Hailing from Salt Lake City, the quartet of vocalist/guitarist Aaron Condrat, drummer/backing vocalist Justin Trombetti, guitarist Nick Sasich, and bassist Tyler Grundstrom have earned and built up a potent fan base and attention through a series of self-released EPs and albums, as well as their live performances which has seen the band play with bands such as The Almost, Go Radio, Transit, The Ataris, Finch, Dance Gavin Dance, and Cartel. Also regulars at local festivals and having played the Ernie Ball stage at Warped Tour, Larusso finds itself with a lively buzz around them to which their new album will certainly do no harm.

Chase the Sun starts the album off in vivacious style, hooks and melodies an instant coating to keen riffs and jabbing rhythms. Vocally too the song shines immediately, the tones of Condrat backed by Trombetti, smooth and harmonious. It is not a startling encounter but one showing the musical strength and songwriting craft of the band as more than accomplished and seriously catchy. The track strides with ripe enterprise before making way for The Voice. As its predecessor, it too carries no real urgency in its gait and attack but makes for a catchy and captivating slice of rock pop with excellent vocal prowess and tidy hooks within a melodic breath.

Things suddenly spark more thrillingly with Drifter, a track offering irresistible hooks from its first touch and unpredictable endeavour throughout. Like a mix of Jimmy Eat World and Brand New, the song flows and strides with a Life in Static Cover Artdelicious creative appetite to the vocals and swinging grooves to the sound. The bass of Grundstrom brings a snarl too which adds to the appetite awakening potency of one of the album’s most impressive propositions.

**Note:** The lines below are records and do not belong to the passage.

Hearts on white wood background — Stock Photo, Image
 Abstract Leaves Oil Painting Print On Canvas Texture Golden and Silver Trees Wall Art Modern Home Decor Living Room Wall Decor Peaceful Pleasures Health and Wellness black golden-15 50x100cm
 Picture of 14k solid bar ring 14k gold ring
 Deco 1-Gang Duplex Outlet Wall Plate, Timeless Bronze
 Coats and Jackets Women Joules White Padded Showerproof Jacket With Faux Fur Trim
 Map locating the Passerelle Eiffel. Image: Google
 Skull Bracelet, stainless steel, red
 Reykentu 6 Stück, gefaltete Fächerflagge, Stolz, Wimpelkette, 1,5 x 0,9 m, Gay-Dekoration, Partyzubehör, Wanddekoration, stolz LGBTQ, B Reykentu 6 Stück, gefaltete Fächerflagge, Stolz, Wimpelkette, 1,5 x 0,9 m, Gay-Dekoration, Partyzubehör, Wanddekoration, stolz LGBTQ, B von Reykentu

Its triumph is not quite matched by the next up Daniel with an L, but with its emotive melodies and almost melancholic air the track still captures the imagination with ease. As evidenced by it alone, there is nothing flamboyantly excessive about the band and its songs but they push do push an eager invention across increasingly persuasive and riveting exploits.

The evocative caress of Living Proof comes next with guitars casting a weave of expressive chords and melodic colour as Condrat adds an emotionally intimate lyrical narrative. The track is more a lead/intro to the current single The Recovery than a standalone prospect, its successor a crooning incitement which makes for a warm and skilful if not a passion stirring companion. Again it shows the impressive craft of the band in composing, playing, and imagination though but lacks a spark to make it more than a pleasing encounter, certainly when up against the more impacting tracks on Life In Static. Nevertheless ears are satisfied before turning to Places and Set Phasers to Fun for more adventure. The first of the two has an underlying swagger to its pop lit composure and intent, but tempers it with an evocative smoulder of emotion and sonic intrigue whilst the second shows another fun side to its sound and band with its acoustically led playful romp. In the hands of other bands, the song might feel like a filler but Larusso give it a smile and grace which makes a very worthy and enjoyable inclusion to the release.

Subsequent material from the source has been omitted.